In the entries that follow, the lines from the line containing "WOOLGAR Edgar 1950-2002" up to and including the line containing "Fable England Fable Rabbit Brooch - Brown" must be copied exactly, with pictures omitted.

** EXERCISE INPUT follows **

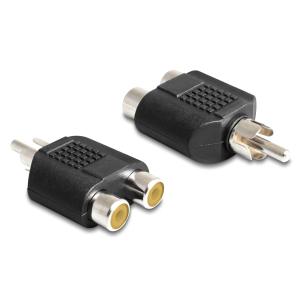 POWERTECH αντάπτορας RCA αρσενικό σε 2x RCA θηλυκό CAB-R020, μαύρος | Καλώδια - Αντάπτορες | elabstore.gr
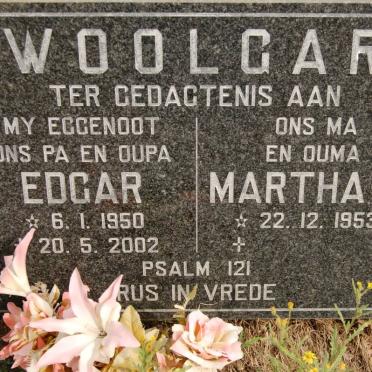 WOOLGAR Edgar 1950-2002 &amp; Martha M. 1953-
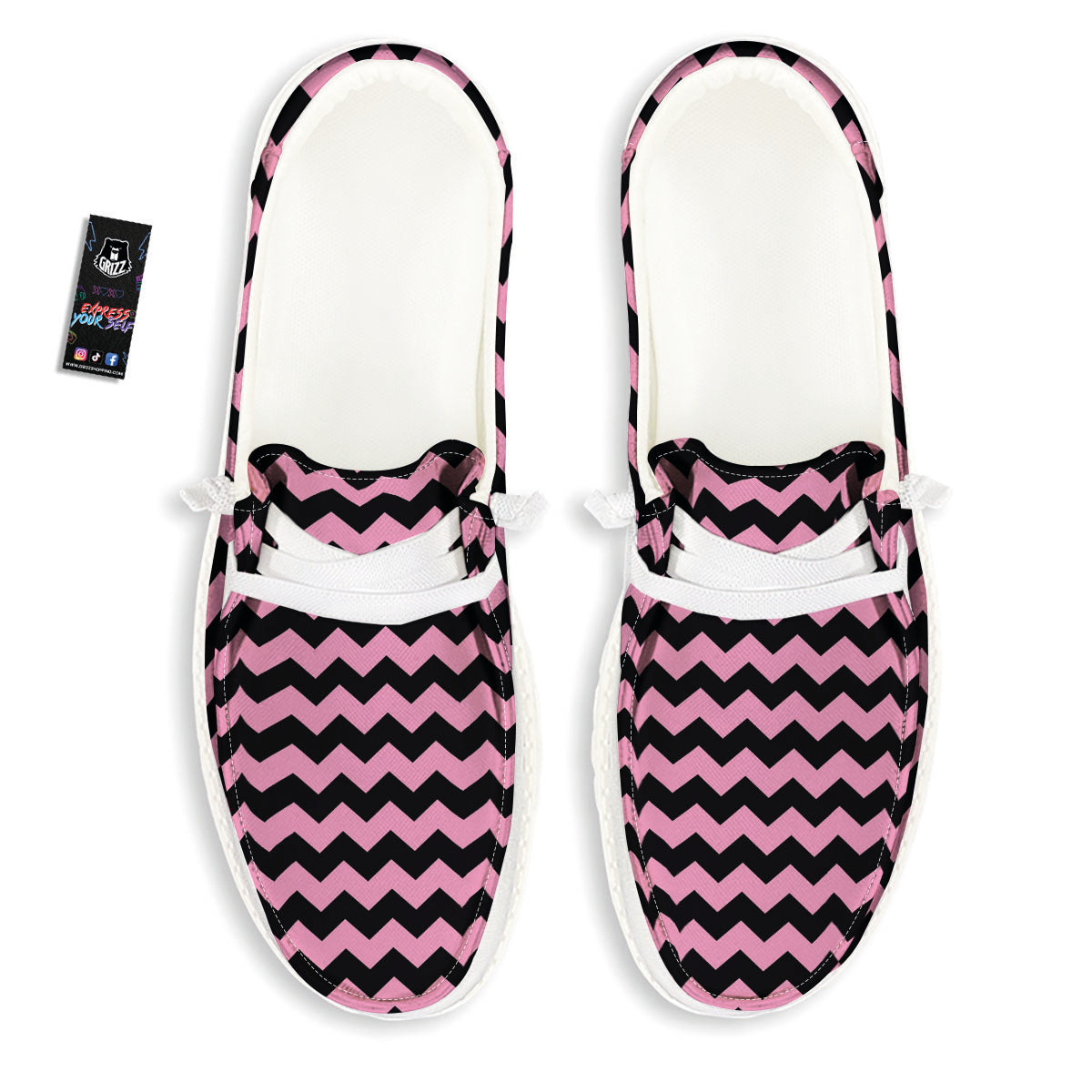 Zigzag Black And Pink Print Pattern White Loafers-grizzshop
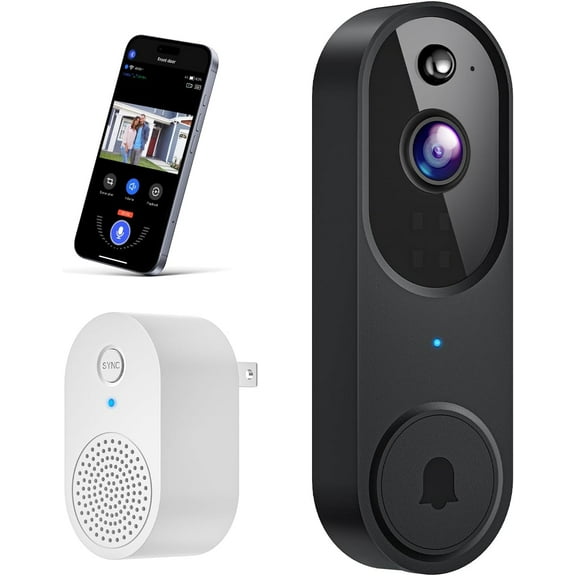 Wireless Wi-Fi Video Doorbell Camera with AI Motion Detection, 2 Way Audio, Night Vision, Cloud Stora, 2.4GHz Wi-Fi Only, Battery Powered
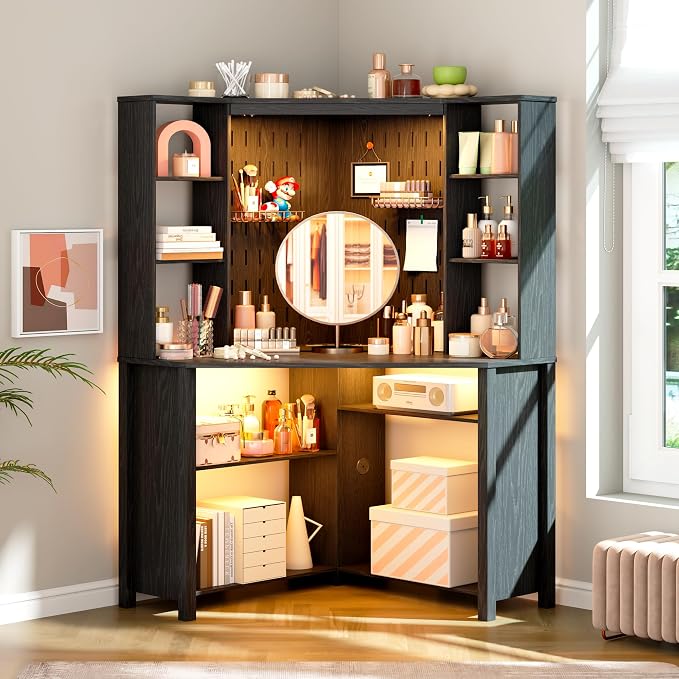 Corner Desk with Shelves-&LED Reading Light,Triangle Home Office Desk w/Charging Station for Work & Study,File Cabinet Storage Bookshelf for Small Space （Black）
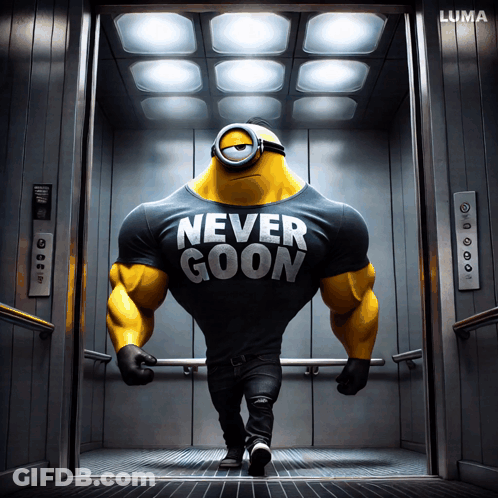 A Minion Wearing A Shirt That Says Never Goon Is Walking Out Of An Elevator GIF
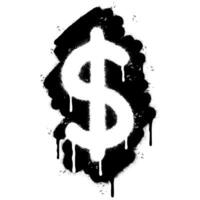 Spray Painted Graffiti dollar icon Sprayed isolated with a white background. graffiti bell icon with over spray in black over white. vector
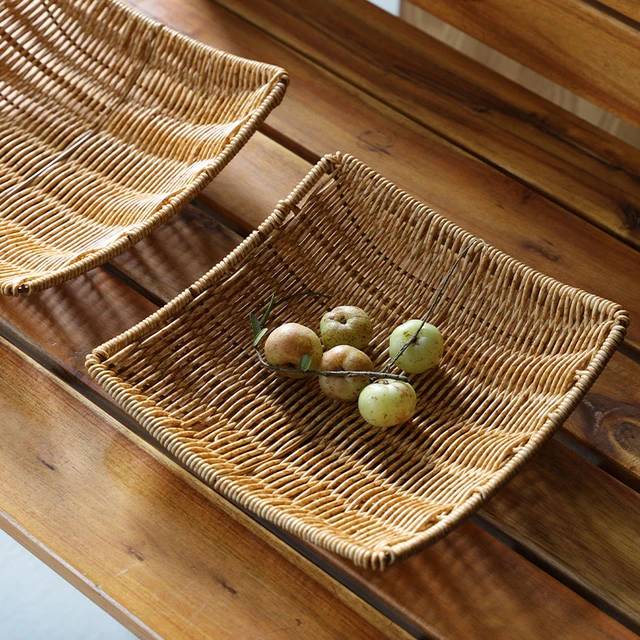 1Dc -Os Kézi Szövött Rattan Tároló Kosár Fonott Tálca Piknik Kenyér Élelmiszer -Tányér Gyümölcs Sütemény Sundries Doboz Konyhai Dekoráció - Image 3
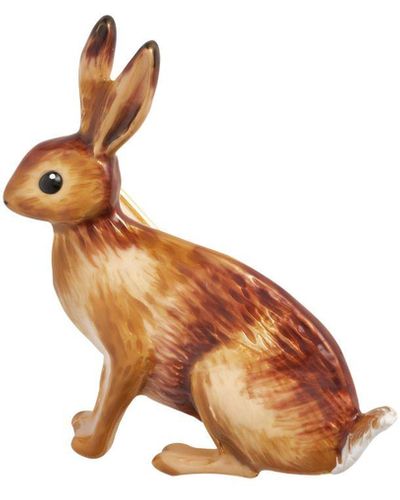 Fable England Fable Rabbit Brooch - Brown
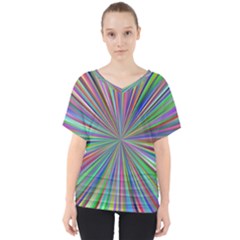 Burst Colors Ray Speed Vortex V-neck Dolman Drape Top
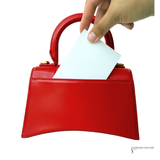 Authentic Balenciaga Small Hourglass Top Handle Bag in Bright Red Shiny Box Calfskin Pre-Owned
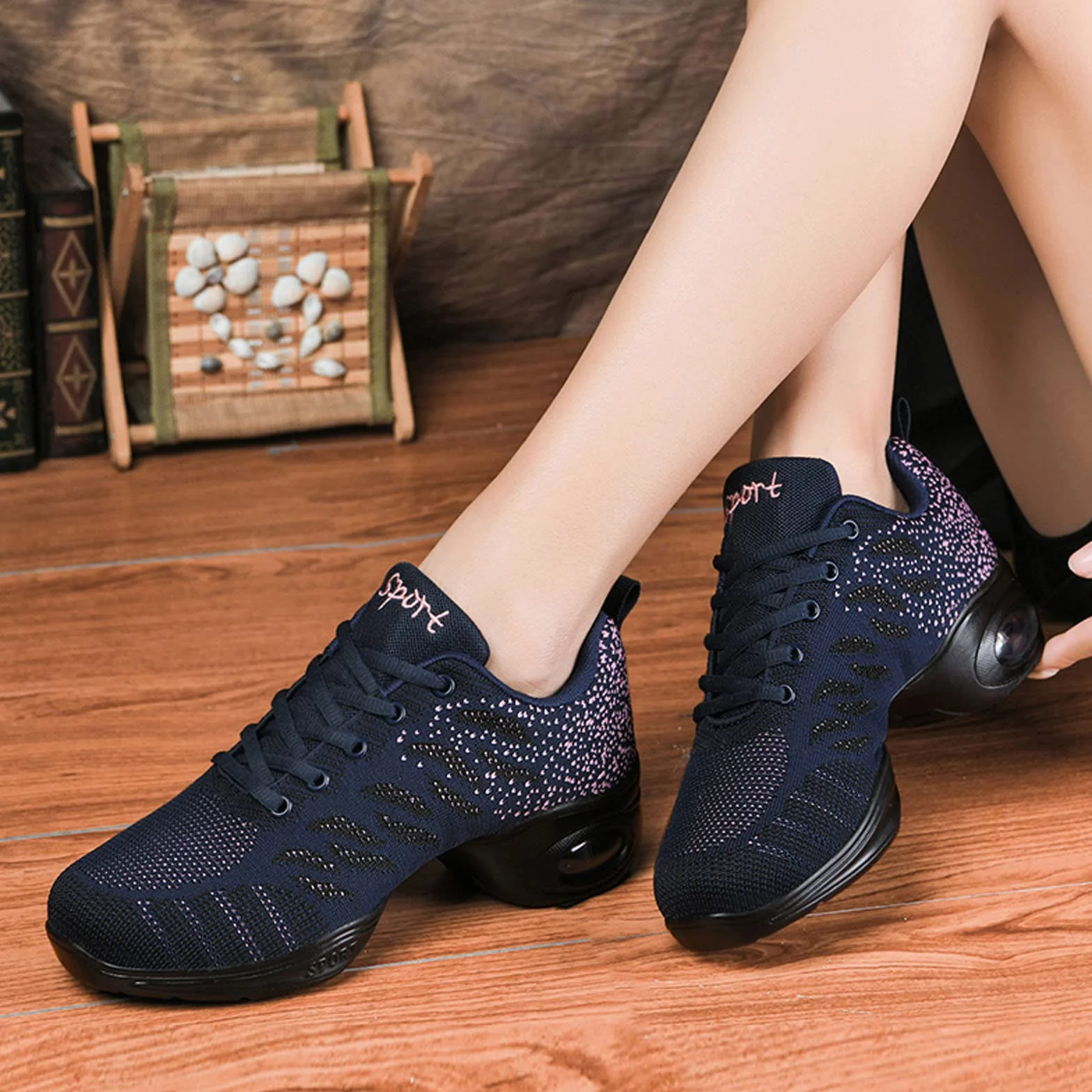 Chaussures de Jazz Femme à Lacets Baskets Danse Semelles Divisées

** End of EXERCISE INPUT **

EXERCISE ANSWER
 WOOLGAR Edgar 1950-2002 &amp; Martha M. 1953-
 Zigzag Black And Pink Print Pattern White Loafers-grizzshop
 Wireless Wi-Fi Video Doorbell Camera with AI Motion Detection, 2 Way Audio, Night Vision, Cloud Stora, 2.4GHz Wi-Fi Only, Battery Powered
 Corner Desk with Shelves-&LED Reading Light,Triangle Home Office Desk w/Charging Station for Work & Study,File Cabinet Storage Bookshelf for Small Space （Black）
 A Minion Wearing A Shirt That Says Never Goon Is Walking Out Of An Elevator GIF
 Spray Painted Graffiti dollar icon Sprayed isolated with a white background. graffiti bell icon with over spray in black over white. vector
 1Dc -Os Kézi Szövött Rattan Tároló Kosár Fonott Tálca Piknik Kenyér Élelmiszer -Tányér Gyümölcs Sütemény Sundries Doboz Konyhai Dekoráció - Image 3
 Fable England Fable Rabbit Brooch - Brown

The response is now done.